- **ASSIGNMENT**: From the line that includes "Stone Ring Vulcan's" to the closing line of the data, please transcribe every line exactly and add nothing.

Short descriptive text snippets:
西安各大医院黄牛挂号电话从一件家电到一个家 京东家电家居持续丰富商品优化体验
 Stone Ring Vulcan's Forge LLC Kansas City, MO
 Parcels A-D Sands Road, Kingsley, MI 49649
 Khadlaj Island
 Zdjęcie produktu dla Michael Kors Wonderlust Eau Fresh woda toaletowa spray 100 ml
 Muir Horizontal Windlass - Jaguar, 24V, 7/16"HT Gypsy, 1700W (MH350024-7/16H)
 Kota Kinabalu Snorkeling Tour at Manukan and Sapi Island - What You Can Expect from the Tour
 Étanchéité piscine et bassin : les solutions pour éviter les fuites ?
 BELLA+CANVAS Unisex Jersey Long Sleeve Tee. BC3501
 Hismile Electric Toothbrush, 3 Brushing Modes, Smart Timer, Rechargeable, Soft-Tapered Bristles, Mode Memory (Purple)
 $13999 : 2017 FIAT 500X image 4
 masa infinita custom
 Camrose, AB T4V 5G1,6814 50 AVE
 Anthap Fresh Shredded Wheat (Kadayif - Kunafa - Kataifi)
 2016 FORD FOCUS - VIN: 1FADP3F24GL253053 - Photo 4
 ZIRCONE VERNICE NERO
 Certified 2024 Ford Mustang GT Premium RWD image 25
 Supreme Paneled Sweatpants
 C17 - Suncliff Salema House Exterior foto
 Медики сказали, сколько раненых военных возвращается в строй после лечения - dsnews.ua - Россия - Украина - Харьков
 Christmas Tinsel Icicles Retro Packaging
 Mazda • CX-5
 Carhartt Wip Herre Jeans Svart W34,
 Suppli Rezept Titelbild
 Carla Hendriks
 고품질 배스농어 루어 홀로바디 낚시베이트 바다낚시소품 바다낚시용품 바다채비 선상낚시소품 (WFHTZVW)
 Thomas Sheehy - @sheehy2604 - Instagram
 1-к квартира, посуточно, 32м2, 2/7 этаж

- **RESULT**:
 Stone Ring Vulcan's Forge LLC Kansas City, MO
 Parcels A-D Sands Road, Kingsley, MI 49649
 Khadlaj Island
 Zdjęcie produktu dla Michael Kors Wonderlust Eau Fresh woda toaletowa spray 100 ml
 Muir Horizontal Windlass - Jaguar, 24V, 7/16"HT Gypsy, 1700W (MH350024-7/16H)
 Kota Kinabalu Snorkeling Tour at Manukan and Sapi Island - What You Can Expect from the Tour
 Étanchéité piscine et bassin : les solutions pour éviter les fuites ?
 BELLA+CANVAS Unisex Jersey Long Sleeve Tee. BC3501
 Hismile Electric Toothbrush, 3 Brushing Modes, Smart Timer, Rechargeable, Soft-Tapered Bristles, Mode Memory (Purple)
 $13999 : 2017 FIAT 500X image 4
 masa infinita custom
 Camrose, AB T4V 5G1,6814 50 AVE
 Anthap Fresh Shredded Wheat (Kadayif - Kunafa - Kataifi)
 2016 FORD FOCUS - VIN: 1FADP3F24GL253053 - Photo 4
 ZIRCONE VERNICE NERO
 Certified 2024 Ford Mustang GT Premium RWD image 25
 Supreme Paneled Sweatpants
 C17 - Suncliff Salema House Exterior foto
 Медики сказали, сколько раненых военных возвращается в строй после лечения - dsnews.ua - Россия - Украина - Харьков
 Christmas Tinsel Icicles Retro Packaging
 Mazda • CX-5
 Carhartt Wip Herre Jeans Svart W34,
 Suppli Rezept Titelbild
 Carla Hendriks
 고품질 배스농어 루어 홀로바디 낚시베이트 바다낚시소품 바다낚시용품 바다채비 선상낚시소품 (WFHTZVW)
 Thomas Sheehy - @sheehy2604 - Instagram
 1-к квартира, посуточно, 32м2, 2/7 этаж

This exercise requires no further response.